One possible response to coloring books is that these prefabricated images inhibit children's creativity by forcing children to keep within the lines. However, it is equally possible to inhibit children's creativity by telling children that they have to paint or draw in a particular fashion and other ways are 'wrong.' Furthermore, some artistic training can be helpful in awakening a child's creativity. Teach a child the basics of sketching, working with clay, weaving, or other techniques that are not natural to the child, and the child can become more truly and deeply creative within the discipline of that branch of art.

Sometimes, without prompting, children can fall into thinking in cliches -- cliches are everywhere, cliches are what we consider 'culture.' That is why, when prompted to be creative, children may reproduce cartoons or stock images. Even though these images may not please adults, this is hardly creative. The idea of the naturally creative child is often belied by children who copy their friends' artwork, or the never-ending stream of puppies and Christmas trees in children's drawings. No one exists outside of culture, and it is a difficult thing to be a true nonconformist in art, whether one is a child or an adult.
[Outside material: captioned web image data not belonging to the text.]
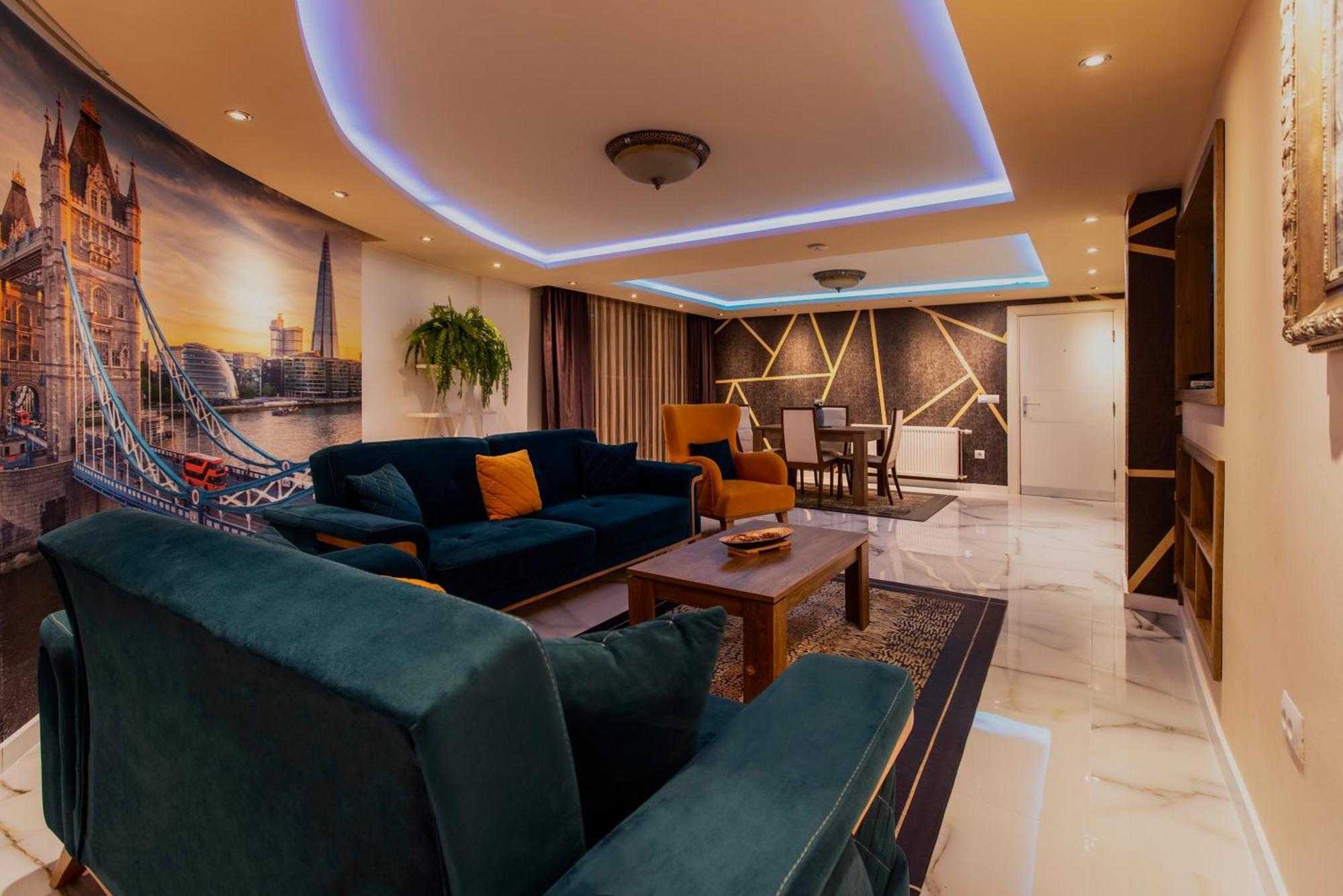 Bentley Apartments Pristina Exterior foto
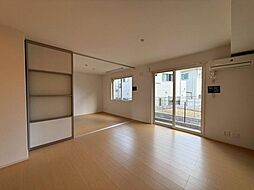 サンフェリーチェ 1階2LDKのリビング/ダイニング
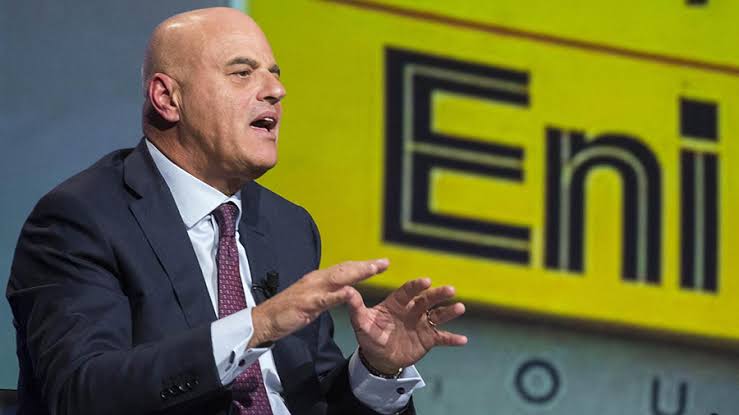 رئيس إيني يكشف عن خط أنابيب غاز مباشر مع الجزائر.. ما علاقة مصر؟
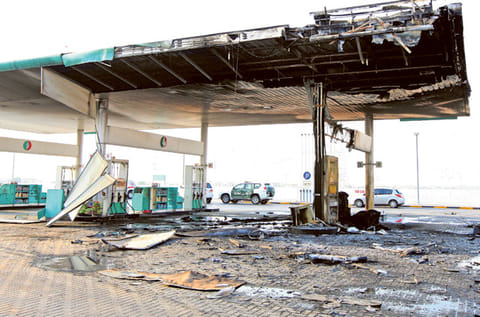 ARSHAD ALI/Gulf News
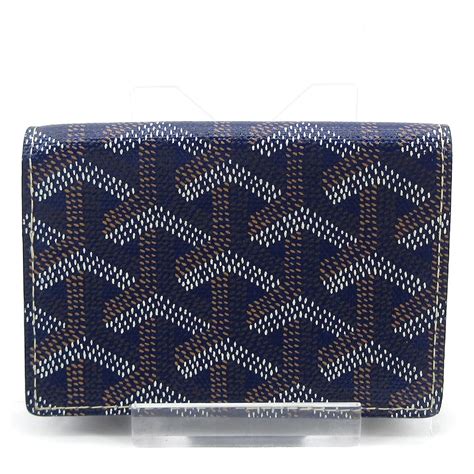 portefeuille Goyard collection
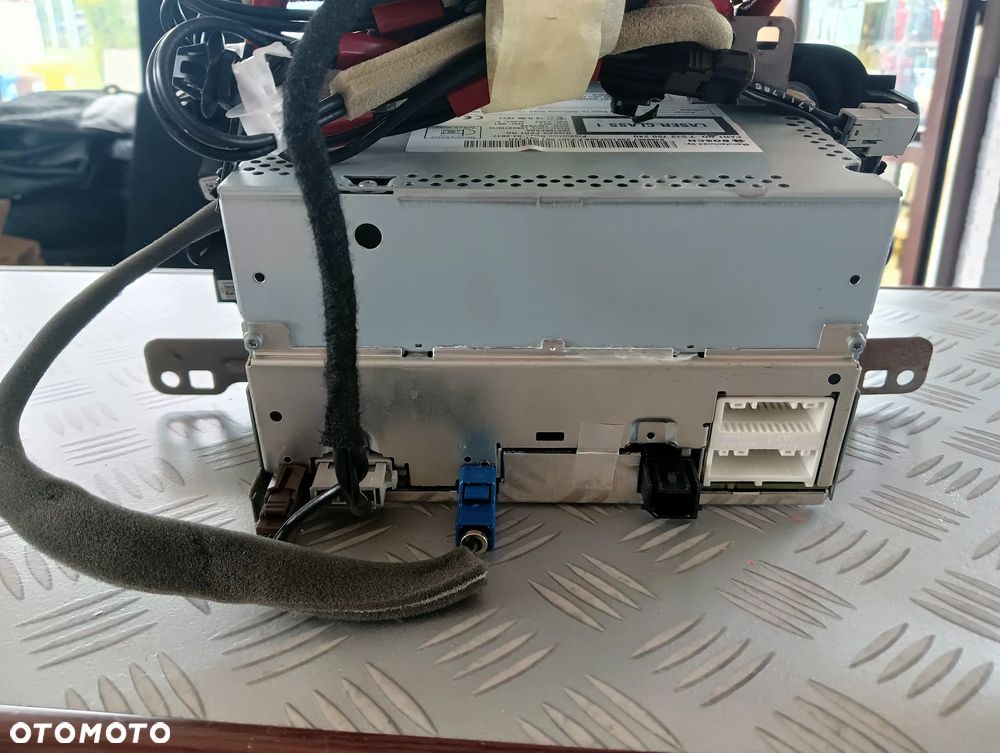 Nissan Micra K14 radio nawigacja 259155FA0A - 4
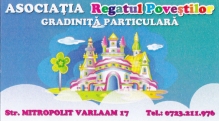Focsani - Gradinita Focsani - Gradinita Regatul Povestilor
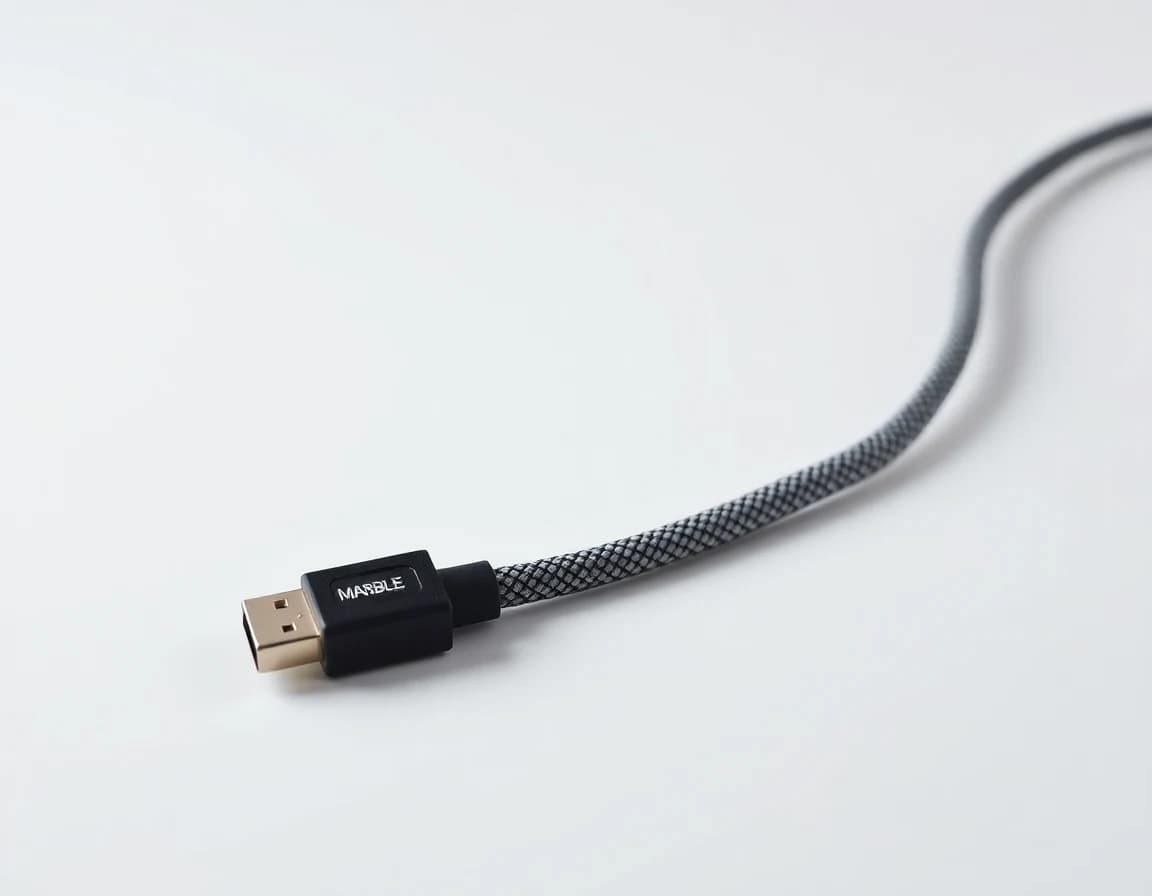 Marble Pro DisplayPort 1.4 DSC Cable, 2m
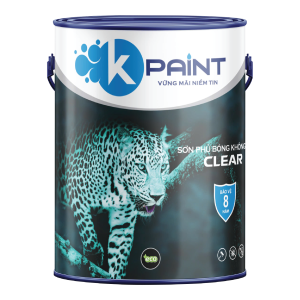 Sơn phủ bóng Clear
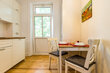 Alquilar apartamento amueblado en Hamburgo Ottensen/Keplerstraße.  cocina 10 (pequ)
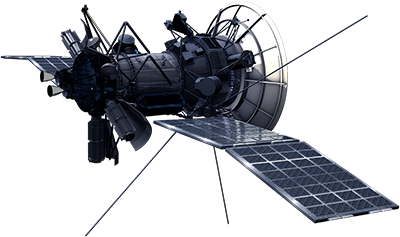 satellite for scanning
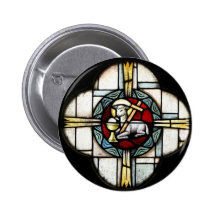 Jesus Lamb of God Pin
To truly tap into a deeper wellspring of creativity requires a child to feel as if he or she has a free space to imagine, without the pressures of creating art as it 'should' be done. Encouraging children to draw a 'house that looks like a hat' or asking children to color in a picture of a strawberry in 'every color but red' is one way to urge children to avoid their desire to conform to adult expectations, to do what their friends or doing, or to indulge in the satisfying predictability of routine.

It is less the desire to please adults, or even the pressures of adult assignments that inhibits children: children like routine; they often like the same bedtime story, cartoons, and food. Adults must show warmth and trustworthiness so children will feel they can take risks in art, whether that means risking making a mistake in clay, or coloring in a person's face with a purple crayon.